Tax credits have become a financial lifeline for U.S. biodiesel plants, with recent federal and state subsidies preventing what would otherwise be continuous shutdown signals since early 2025, according to "Biodiesel Production Profits and Tax Credits" by Scott Irwin, Department of Agricultural and Consumer Economics, University of Illinois, March 19, 2026.
The biodiesel industry has faced significant headwinds over the past decade, including the COVID pandemic, competition from surging renewable diesel production and the biomass-based diesel industry going over the "RIN cliff" in the second half of 2023. Several biodiesel plants have been shuttered as a result.
Analysis of a representative 30-million-gallon Iowa FAME biodiesel plant reveals stark differences in profitability with and without tax credits. During 2007-2020, production profits averaged 5 cents per gallon with tax credits included. That figure dropped to negative 10 cents per gallon during the renewable diesel boom years of 2021-2026.
Without tax credits, the financial picture becomes dramatically worse. Average profits over 2021-2026 would have fallen to negative 26 cents per gallon instead of negative 10 cents per gallon. The impact is especially pronounced in 2025 and 2026, when tax credits totaled 45 cents and 79 cents per gallon, respectively. Previous to 2025, total tax credits ranged between 5 and 8 cents per gallon.
Three tax credits currently support biodiesel production. The Iowa Biodiesel Production Credit provides 3.3 cents per gallon for the modeled plant. The federal Small Agri Producer Credit, recently increased from 10 cents to 20 cents per gallon, works out to 10 cents per gallon for eligible facilities. The federal 45Z Clean Fuel Production Credit, which went into effect in 2025 and replaced the $1 per gallon blender tax credit, provides an estimated 66 cents per gallon in 2026 based on carbon intensity scores.
A shutdown analysis comparing biodiesel prices to variable production costs reveals the critical role of tax credits. When tax credit revenue is included, extended periods of prices below shutdown levels are relatively infrequent. However, without tax credits, biodiesel plants would have received shutdown signals every single week since the beginning of 2025.
The 45Z tax credit functions as an indirect production subsidy that effectively shifts the biodiesel supply curve downward, resulting in lower biodiesel prices. By design, the credit offsets those lower prices.
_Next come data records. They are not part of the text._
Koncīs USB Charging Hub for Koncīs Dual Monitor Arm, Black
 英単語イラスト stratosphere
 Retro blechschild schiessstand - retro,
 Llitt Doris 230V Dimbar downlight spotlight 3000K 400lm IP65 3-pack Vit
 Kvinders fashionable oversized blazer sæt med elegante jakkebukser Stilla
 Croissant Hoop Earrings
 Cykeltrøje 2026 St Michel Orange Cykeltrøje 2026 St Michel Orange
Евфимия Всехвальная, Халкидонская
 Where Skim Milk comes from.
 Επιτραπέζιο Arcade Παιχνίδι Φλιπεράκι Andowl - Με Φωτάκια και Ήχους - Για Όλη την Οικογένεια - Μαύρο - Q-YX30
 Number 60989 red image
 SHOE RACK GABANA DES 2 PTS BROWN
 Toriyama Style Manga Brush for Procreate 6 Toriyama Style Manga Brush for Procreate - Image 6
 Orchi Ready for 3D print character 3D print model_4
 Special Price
Looking ahead, the situation raises stakes for the upcoming EPA final rulemaking on Renewable Volume Obligations for 2026 and 2027. Strong RVO mandates for biomass-based diesel would boost biodiesel prices and provide crucial additional revenue for biodiesel plants. Without meaningful RVO increases, the profitability outlook for the U.S. FAME biodiesel industry remains challenging.